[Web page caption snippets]
---

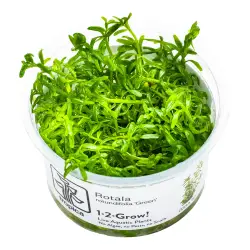 Tropica Rotala rotundifolia 'Green' in vitro (1-2-Grow!)
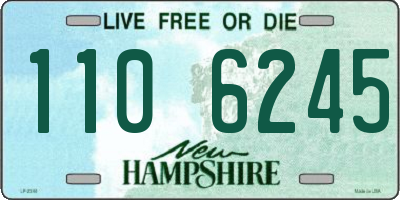 NH license plate 1106245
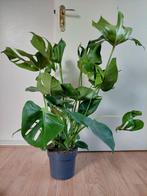 Monstera Deliciosa - Gatenplant H: 80 cm., Ophalen, Overige soorten, Halfschaduw, Minder dan 100 cm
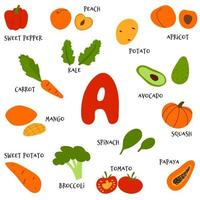 raccolta di frutta e verdura ricca di vitamina a. stile piatto del fumetto di vettore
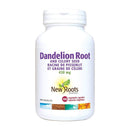 جذور جديدة: جذر الهندباء والكرفس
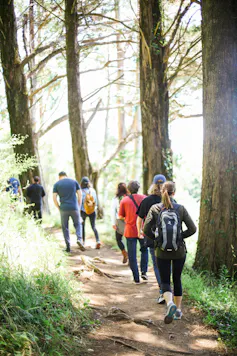people walk about a trail in a woodland.
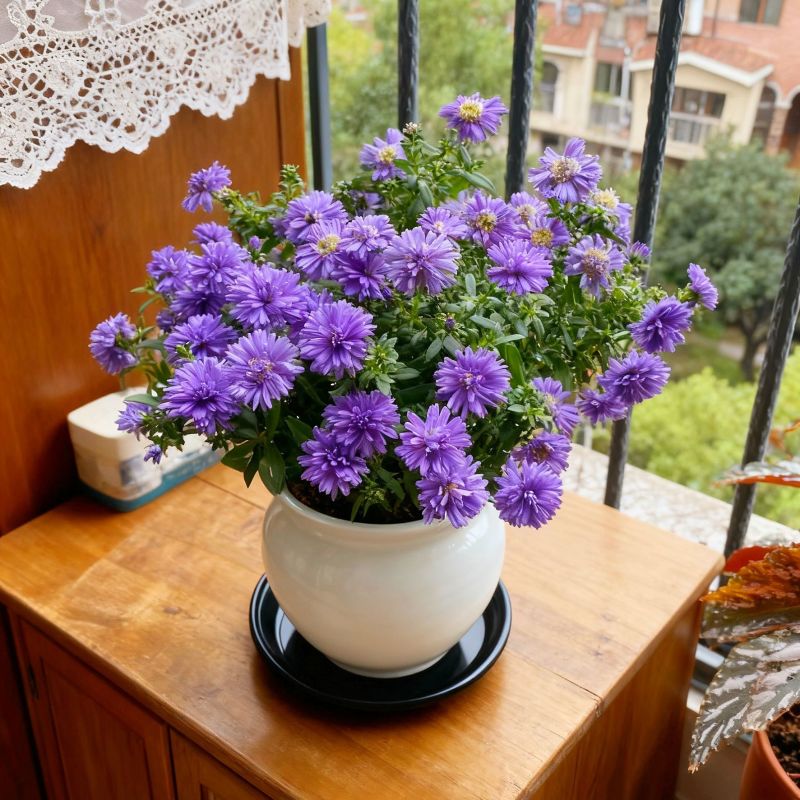 紫菀菊花盆栽苗室内阳台室外庭院四季开花好养植物绿植花卉带花苞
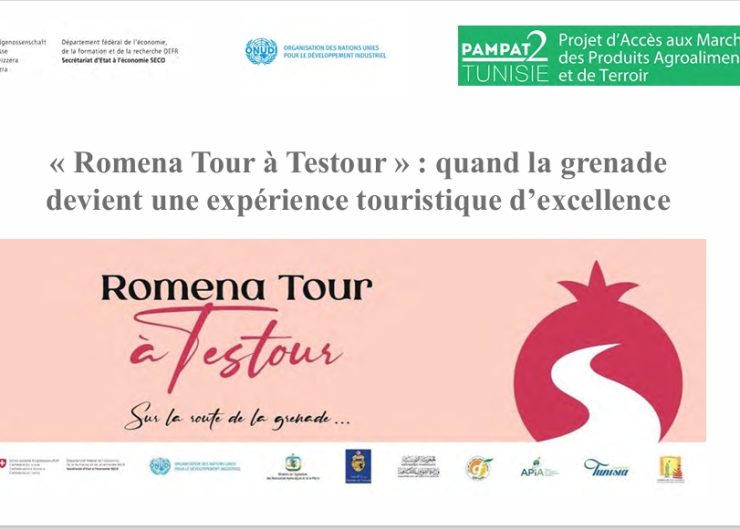 REVUE DE PRESSE « Romena Tour à Testour » : quand la grenade devient une expérience touristique d’excellence Fev26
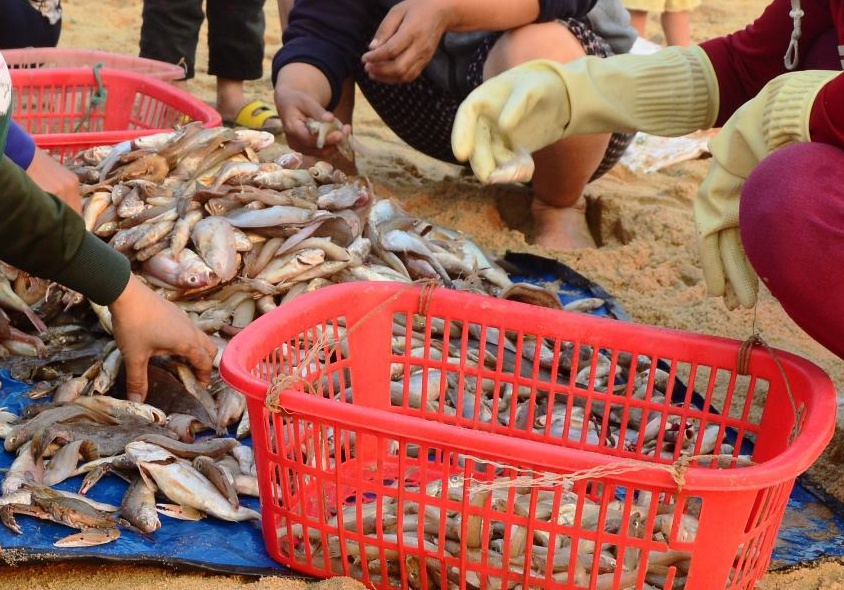 Ca chet ven bien mien Trung duoc xu ly ra sao? hinh anh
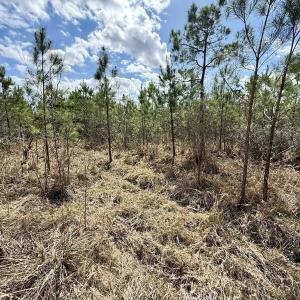 Photo #18 of Lot 4  Guinea Mill Rd, Ernul, NC 34.0 acres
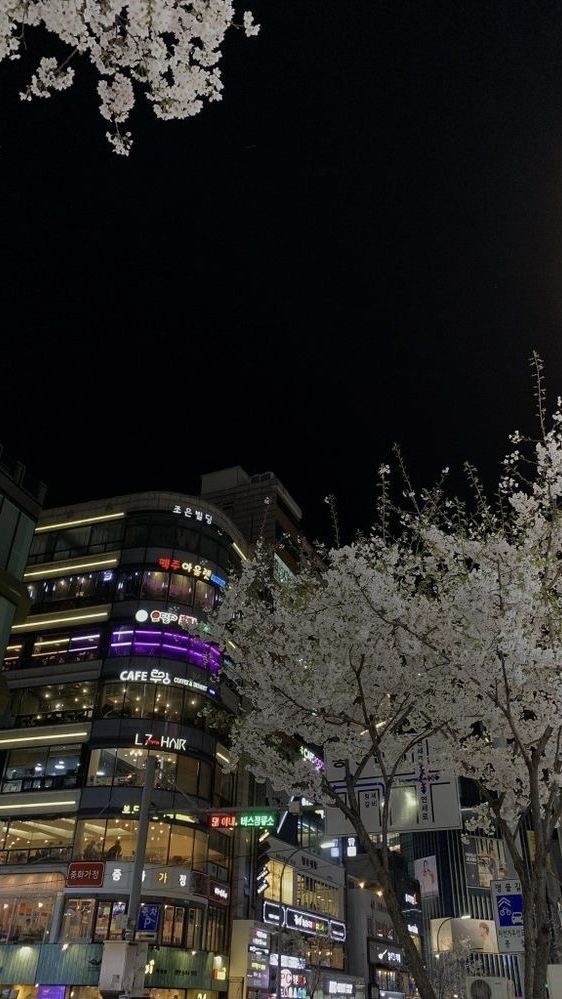 the city is lit up at night with cherry blossom trees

---

#### Work request:
Please print the entries shown above again, exactly, and skip the pictures.

#### Your solution:
 Tropica Rotala rotundifolia 'Green' in vitro (1-2-Grow!)
 NH license plate 1106245
 Monstera Deliciosa - Gatenplant H: 80 cm., Ophalen, Overige soorten, Halfschaduw, Minder dan 100 cm
 raccolta di frutta e verdura ricca di vitamina a. stile piatto del fumetto di vettore
 جذور جديدة: جذر الهندباء والكرفس
people walk about a trail in a woodland.
 紫菀菊花盆栽苗室内阳台室外庭院四季开花好养植物绿植花卉带花苞
 REVUE DE PRESSE « Romena Tour à Testour » : quand la grenade devient une expérience touristique d’excellence Fev26
 Ca chet ven bien mien Trung duoc xu ly ra sao? hinh anh
 Photo #18 of Lot 4  Guinea Mill Rd, Ernul, NC 34.0 acres
 the city is lit up at night with cherry blossom trees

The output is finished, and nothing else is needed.